(19 August 2013) – The continuous globalisation of the economy has pushed many enterprises to adopt international sourcing as a business model, i.e. move certain business functions that were performed in-house or domestically sourced by the resident enterprise to either non-affiliated or affiliated enterprises located abroad. To find out more about this phenomenon, a new Eurostat survey gathered data on international organisation and sourcing of business functions in 15 European countries.
The survey results, which cover nearly 40 000 businesses each with more than 100 persons employed, reveal that for the period 2009-2011:
- The highest share of sourcing internationally is found in small, open economies with high labour costs.
- Sourcing is still mainly driven by manufacturing enterprises that are increasingly sourcing support business functions.
- The number of enterprises sourcing knowledge intensive support functions is growing.
- Proximity is a major factor in sourcing, with domestic sourcing being more prominent than international sourcing and with international sourcing mainly taking place within Europe.

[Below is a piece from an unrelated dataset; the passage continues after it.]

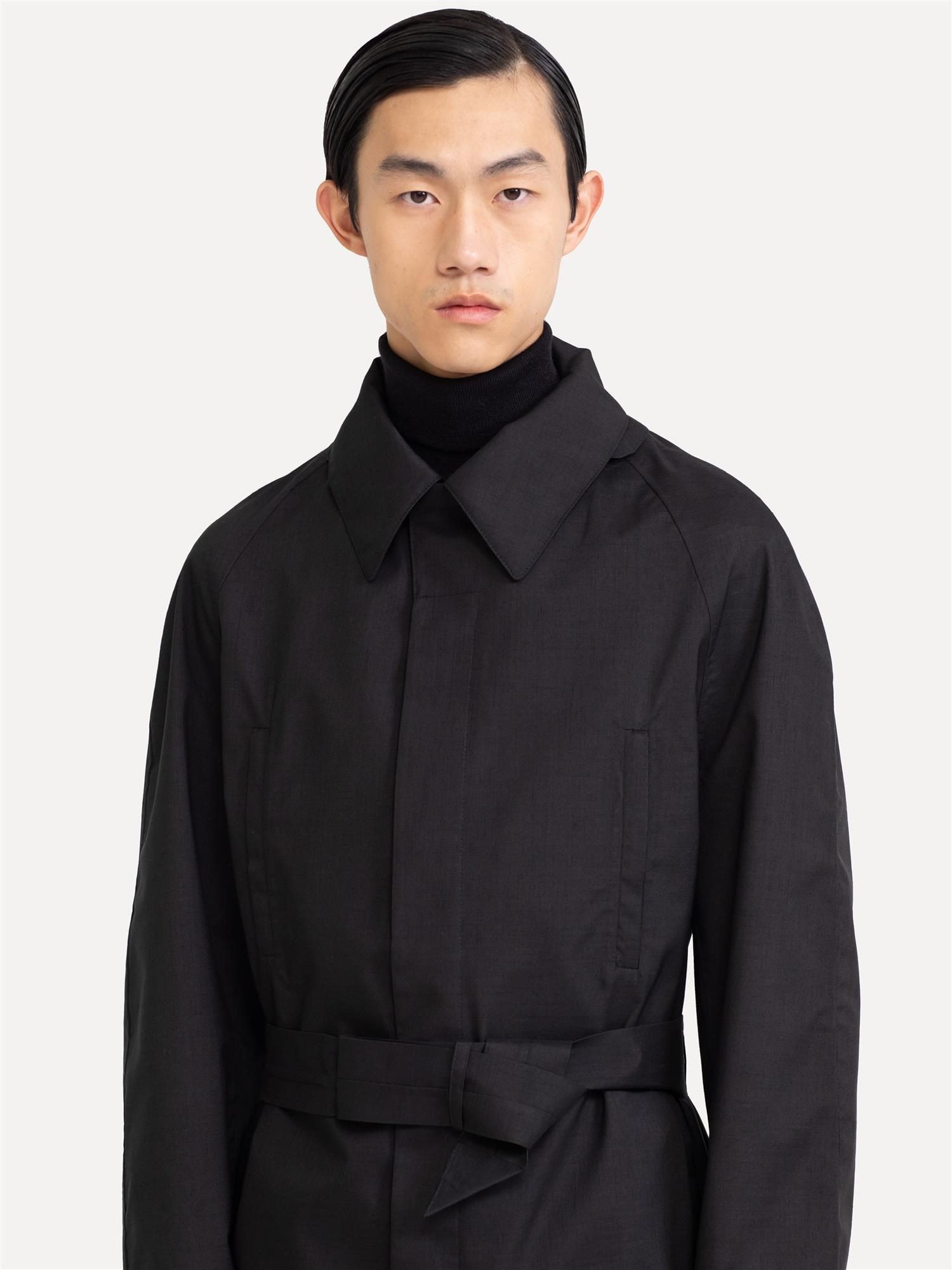 Fløyen Homme Knee Length - Image 5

- Direct employment consequences are limited but their cumulative and indirect effects should not be underestimated.
China and India are both important locations for business functions sourced from the EU but they attract different types of business functions. Not surprisingly, China is strong in attracting core business functions, generally in manufacturing.. On the other hand, EU countries are more likely to source support functions to India than to China, especially France, Ireland and Finland.